### EXERCISE
Every picture is to be removed, and all the data is to be copied exactly.

### RECORDED DATA
::::

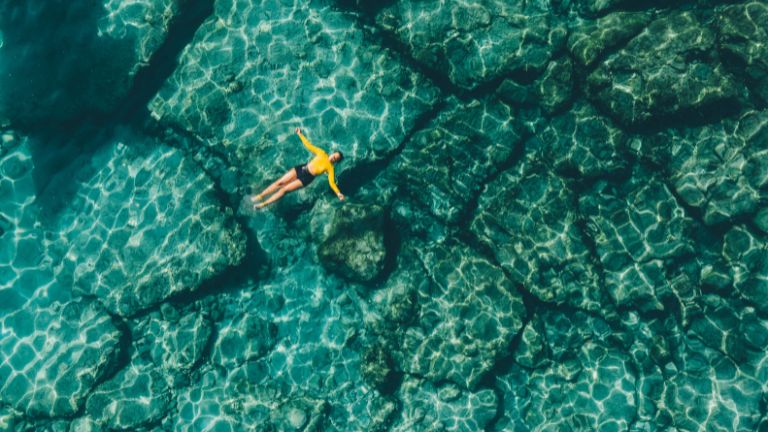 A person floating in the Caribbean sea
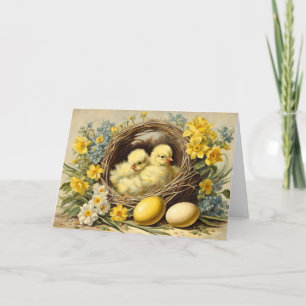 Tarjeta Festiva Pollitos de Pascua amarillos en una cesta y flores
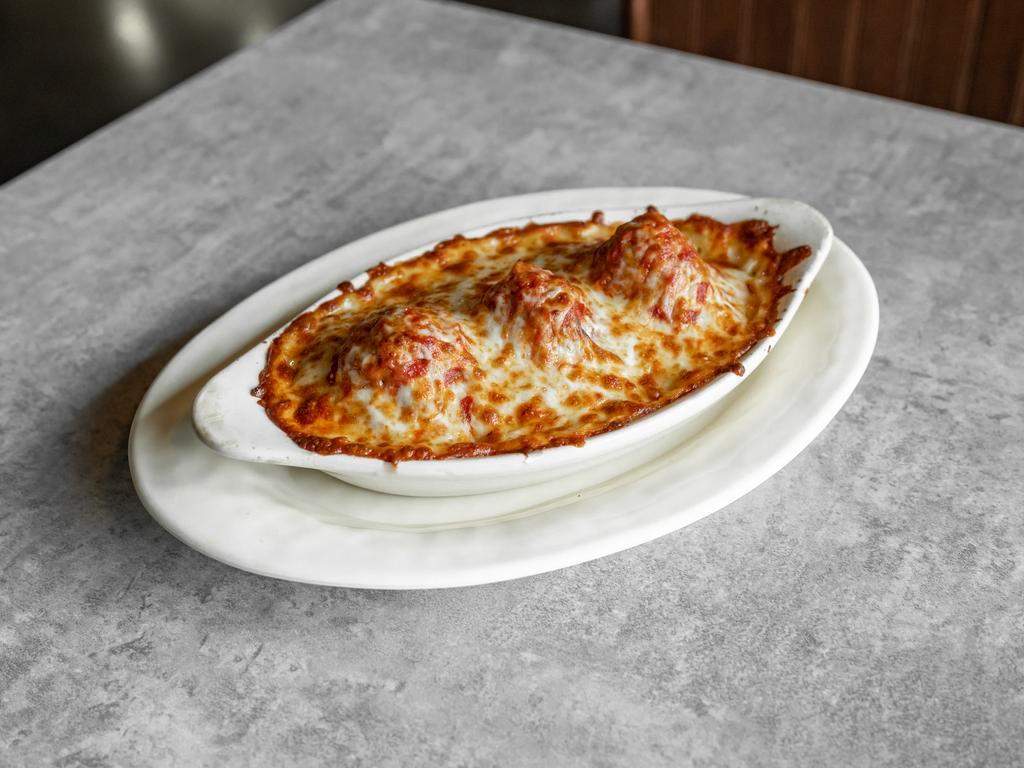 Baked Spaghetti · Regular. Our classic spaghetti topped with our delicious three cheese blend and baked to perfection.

::::

### RESULT BELOW
 A person floating in the Caribbean sea
 Tarjeta Festiva Pollitos de Pascua amarillos en una cesta y flores
 Baked Spaghetti · Regular. Our classic spaghetti topped with our delicious three cheese blend and baked to perfection.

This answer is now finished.